IQR Demo Application¶

Interactive Query Refinement or “IQR” is a process whereby a user provides an examplar image or images and a system attempts to locate additional images from an archive that a simimilar to the examplar(s). The user then adjudicates the results by identifying those results that match their search and those results. The system then uses those adjudications to attempt to provide better, more closely matching results refined by the user’s input.

SMQTK IQR Workflow

Overall workflow of an SMQTK based Interactive Query Refinement application.

The IQR application is an excellent example application for SMQTK as it makes use of a broad spectrum of SMQTK’s capabilities. In order to characterize each image in the archive so that it can be indexed, the DescriptorGenerator algorithm is used. The NearestNeighborsIndex is used to understand the relationship between the images in the archive and the RelevancyIndex is used to rank results based on the user’s positive and negative ajudications.

SMQTK comes with a web based application that implements an IQR system using SMQTK’s services as shown in the SMQTK IQR Workflow figure.

Running the IQR Application¶

In order to run the IQR demonstration application, you will need an archive of imagery. SMQTK has facilities for creating indexes that support 10’s or even 100’s or 1000’s of thousands of images we’ll be using simpler implementations for this example. As a result, we’ll use a modest archive of images. The Leeds Butterfly Dataset will serve quite nicely. Download and unzip the archive (which contains over 800 images of different species of butterflys).

SQMTK comes witha script that computes the descriptors on all of the images in your archive, and bulids up the models needed by the Nearest Neighbors and Relevancy indices:

Train and generate models for the SMQTK IQR Application.

usage: iqr_app_model_generation [-h] -c CONFIG [-t TAB] [-v] [GLOB [GLOB ...]]

Positional Arguments¶

GLOB

Shell glob to files to add to the configured data set.

Named Arguments¶

-c, --config

IQR application configuration file.

-t, --tab

The configuration tab to generate the model for.

Default: 0

-v, --verbose

Show debug logging.

Default: False

The CONFIG argument specifies a JSON file that provides a configuration block for each of the SMQTK algorithms (DescriptorGenerator, NearestNeighborsIndex etcc) required to generate the models and indices that will be required by the application. For convenience, the sampe CONFIG file will be provided to the web application when it is run.

The SMQTK source repository contains a sample configuration file.
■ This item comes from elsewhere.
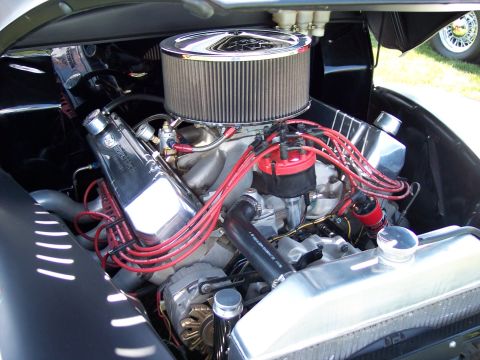 1972 Ford Ranchero - Close-up view of a modified engine bay, highlighting custom components and wiring.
It can be found in source/python/smqtk/web/search_app/config.IqrSearchApp.json. The configuration is designed to run run from an empty directory and will create the sub directories and files that it requires when run.

Since this configuration file drives both the generation of the models for the application and the application itself, a closer examination of it is in order.
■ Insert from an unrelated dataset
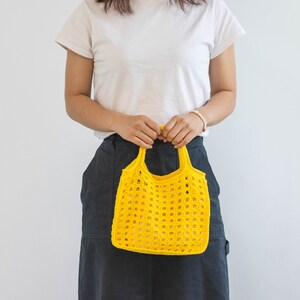 May include: A person holding a yellow crocheted tote bag. The bag has a square grid pattern.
As a JSON file, the configuration consists of a collection of JSON objects that are used to configure various aspects of the application. Lines 2, 73 and 77 introduce blocks that configure the way the application itself works: setting the username and password, the location of the MongoDB server that the application uses for storing session information and finally the IP address and port that the application listens on.

The array of “tabs” that starts at line 7 is the core of the configuration file. We’ll talk in a moment about why this is an array of tabs but for now we’ll examine the the single element in the array. The blocks introduced at lines 26, 39, and 77 configure the three main algorithms used by the application: the descriptor used, the nearest neighbors index, and the relevancy index. Each of these of these blocks is passed to the SMQTK plugin system to create the appropriate instance of the algorithm in question. For example the nn_index block that starts at line 39 defines the the parameters for two different implementations, an LSHNearestNeighborIndex, configured to use Iterative Quantization (paper), to generate an index and FlannNearestNeighborsIndex which uses the Flann library to do so. The type element on line 75 selects FlannNearestNeighborsIndex to be active for this configuration.
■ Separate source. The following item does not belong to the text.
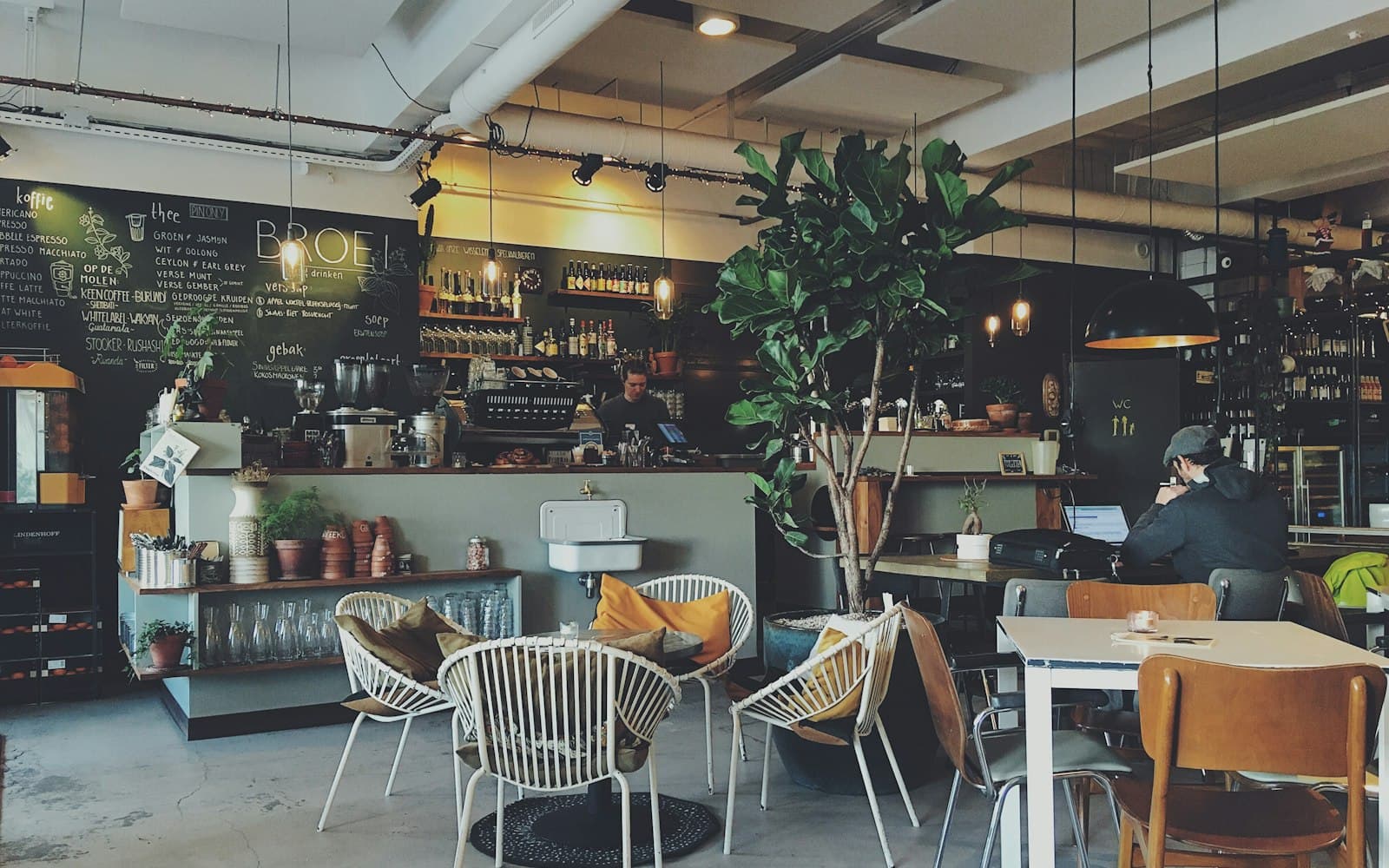 Café interior with a chalkboard menu, plants and woven chairs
Once you have the configuration file set up the way that you like it, you can generate all of the models and indexes required by the application by running the following command:

iqr_app_model_generation -c config.IqrSearchApp.json /path/to/leeds/data/images/*.jpg

This will generate descriptors for all of the images in the data set and use them to compute the models and indices it requires.

Once it completes, you can run the IqrSearchApp itself. You’ll need an instance of MongoDB running on the port and IP address specified by the mongo element on line 73. You can start a Mongo instance (presuming you have it installed) with:

mongod --dbpath /path/to/mongo/work/dir

Once Mongo has been started you can start the IqrSearchApp with the following command:

runApplication.py -a IqrSearchApp -c config.IqrSearchApp.json

When the application starts you should click on the login element and then enter the credentials you specified in the flask_app element of the config file.

Click on the login element to enter your credentials

Once you’ve logged in you will be able to select the CSIFT tab of the UI. This tab was named by line 9 in the configuration file and is configure by the first block in the tabs array. The tabs array allows you to configure different combinations of the required algorithms within the same application instance – useful for example, if you want to compare the performance of different descriptors.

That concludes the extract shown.